Port status not being updated after being attached to a server
Using these two resources:
apiVersion: openstack.k-orc.cloud/v1alpha1
kind: Port
metadata:
name: create-full
spec:
cloudCredentialsRef:
cloudName: openstack
secretName: openstack-clouds
managementPolicy: managed
networkRef: create-full
resource:
addresses:
- subnetRef: create-full
---
apiVersion: openstack.k-orc.cloud/v1alpha1
kind: Server
metadata:
name: create-full
spec:
cloudCredentialsRef:
cloudName: openstack
secretName: openstack-clouds
managementPolicy: managed
resource:
name: create-full-override
imageRef: create-full
flavorRef: server-flavor
ports:
- portRef: create-full
The port status is not being updated after the server is ACTIVE:
apiVersion: openstack.k-orc.cloud/v1alpha1
kind: Port
metadata:
creationTimestamp: "2025-02-28T13:27:51Z"
finalizers:
- openstack.k-orc.cloud/port
- openstack.k-orc.cloud/server
generation: 1
name: create-full
namespace: kuttl-test-correct-oarfish
resourceVersion: "136683"
uid: 0b2d2e3d-ba2c-4d67-b3be-a3f60c9ff9b8
spec:
cloudCredentialsRef:
cloudName: openstack
secretName: openstack-clouds
managementPolicy: managed
networkRef: create-full
resource:
addresses:
- subnetRef: create-full
status:
conditions:
- lastTransitionTime: "2025-02-28T13:28:26Z"

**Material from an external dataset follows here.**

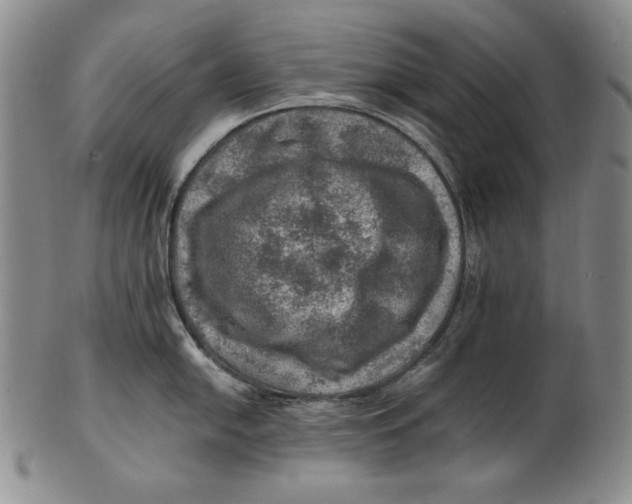 X0000100761054200807101723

message: OpenStack resource is available
observedGeneration: 1
reason: Success
status: "True"
type: Available
- lastTransitionTime: "2025-02-28T13:28:26Z"
message: OpenStack resource is up to date
observedGeneration: 1
reason: Success
status: "False"
type: Progressing
id: e2b8af31-7243-4845-a397-d52e1f1b74e4
resource:
adminStateUp: true
createdAt: "2025-02-28T13:28:20Z"
description: ""
deviceID: ""
deviceOwner: ""
fixedIPs:
- ip: 192.168.200.253
subnetID: 9b48c072-4d83-4eab-be6e-bb0745aeed16
macAddress: fa:16:3e:bd:db:84
name: create-full
projectID: 63df4263dea34861ab8989f03f47c5c3
propagateUplinkStatus: false
revisionNumber: 1
status: DOWN
updatedAt: "2025-02-28T13:28:21Z"
We should see the deviceID and deviceOwner fields being set, and status changing to UP.

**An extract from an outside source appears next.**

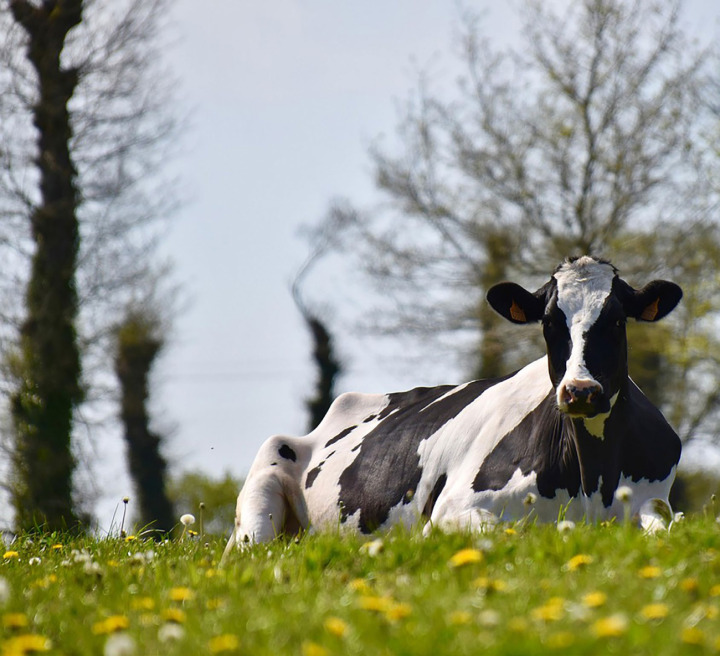 Milch wird wieder vermehrt konsumiert.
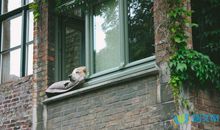 窗外的风景作文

I think this is second-tier priority for now, especially as we're not really attempting to have resource status remain up to date, yet. That said, I think it's slightly more than 'regular' managing resource status over time, as it's status in direct response to a provisioning action. So maybe 1.5 tier?
I have some thoughts as to how we could address it which I'll add later.

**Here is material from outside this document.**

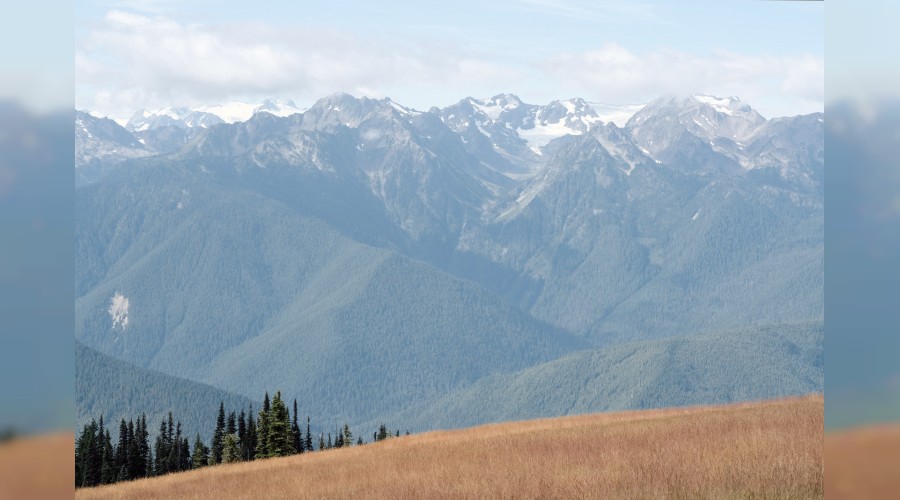 Allah’ın isimlerini öğrettikleri bilir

The end goal here is to have deviceID reported in the port's resource status. Resource status is owned by the port controller, so we need some way to indicate to the port controller that it needs to update its status. An obvious way to achieve this is to update its spec.
I propose we add a new Spec (that's spec, NOT resource spec!) field to Port: attachment. At a minimum this would be an object reference to the object which has attached itself to this port. Because this would be an update to the spec this would trigger a bump in generation, which would indicate to the port controller that there is something new to reconcile. The field would be written by whichever controller is attaching to the port. If we only write this change after the attachment has occured, the port controller should expect to observe it immediately, and therefore not have to poll.
This also allows us to address a problem we hadn't yet noticed: that ORC currently allows multiple objects to reference the same port. With this change they can still reference the same port, but we have an opportunity to set a useful status about it. This would likely be a terminal error, but we would need to ensure that shouldReconcile handles this correctly if the target port is updated to no longer have an attachment.
Volumes have the same problem. I'm taking it.
While working on this issue for volumes (#528), I realized the solution might be a little more complex than highlighted here:
- we get tricky to handle timing issues:
- you can't for example attach volumes to a server while it's being built
- after you've issued the API call to attach a volume to a server, it's not being reflected immediately in OpenStack
- you also need to refresh the "attachments" list of an attached resource when the server is gone, and again this is not reflected immediately after the delete API call is issued.
- how do you handle situation where the OpenStack attachment call succeeded but the k8s call to update the object didn't? I've chose to ignore failures updating the objects.
I think this solution, while it kinda works, is a bit fragile and we would have to think for better alternatives for the longer term, where the attachable resource registers for events, similar to what we do for dependencies.